I thought about this concept of sexuality vis-à-vis modesty and femininity since my return from Jeddah, Saudi Arabia, resulting in a short story of which these words were the foundation:
I heard of a woman from across the sea who bewitched men on their Umrah trips. She cast her spell making them forget their former lives. And they become nation-less like her. Nothing else about her was known. Or maybe it was intentionally forgotten. (1)
In part, my story is shrouded in elements of female sexual desire and agency. But more than that, I realized I was intrigued by certain behaviors that I considered physical manifestations of modesty, which dictated modes of sociality, in particular those surrounding concepts of ‘belonging’. As the word ‘nationless’ indicated, the woman in the story and men who succumbed to her sexual potency, suffered the same fate—deemed stateless people.

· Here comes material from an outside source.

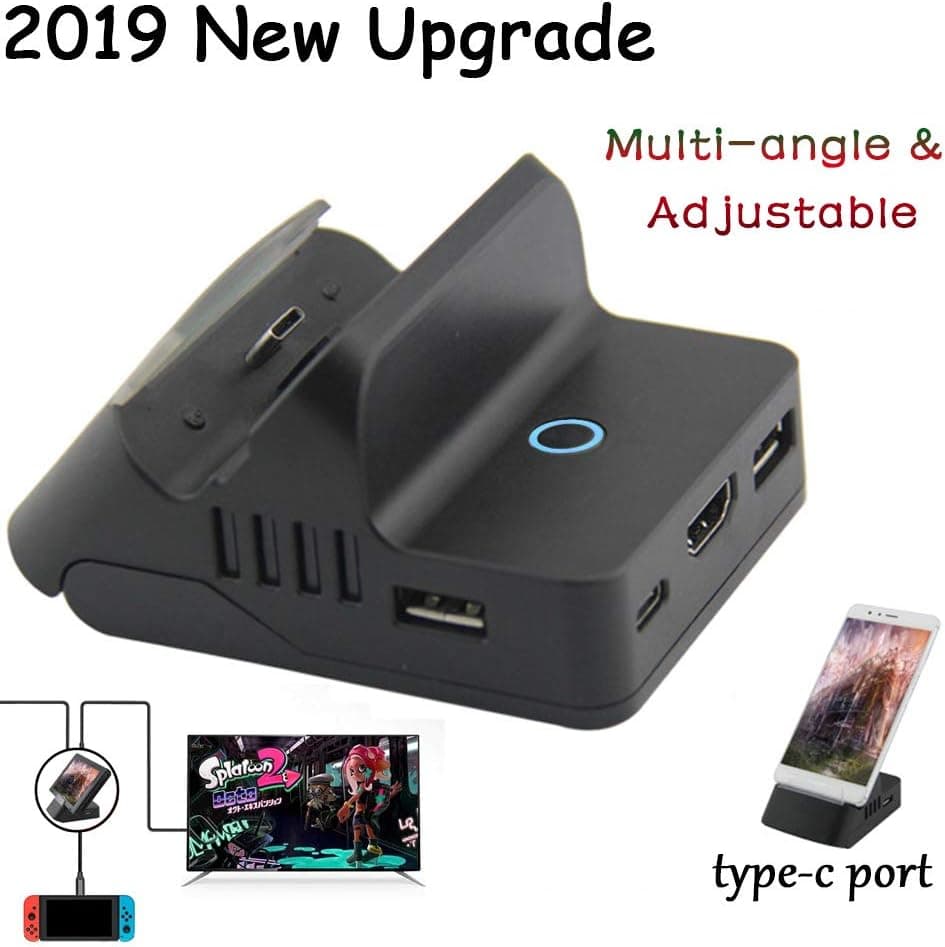 Switch Dock, Portable Adjustable Switch Charging Stand, Compact Switch to HDMI Adapter, Mini Multi-Angle Switch Docking Station with Extra USB 3.0 Port, Replacement Charging Dock for Nintendo Swit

Through writing this story, it was evident to me that explicit heterosexual female desire and agency not only deconstructed the barriers and borders that systematically upheld gabar xishood leh but also more importantly appeared to be the impetus for social exclusion, if one deviated from heteronormative standards of sexuality. Perhaps it was this transgressing of borders in my parents’ eyes, particularly with the erotic inclinations associated with oral piercings, that led to their disapproval.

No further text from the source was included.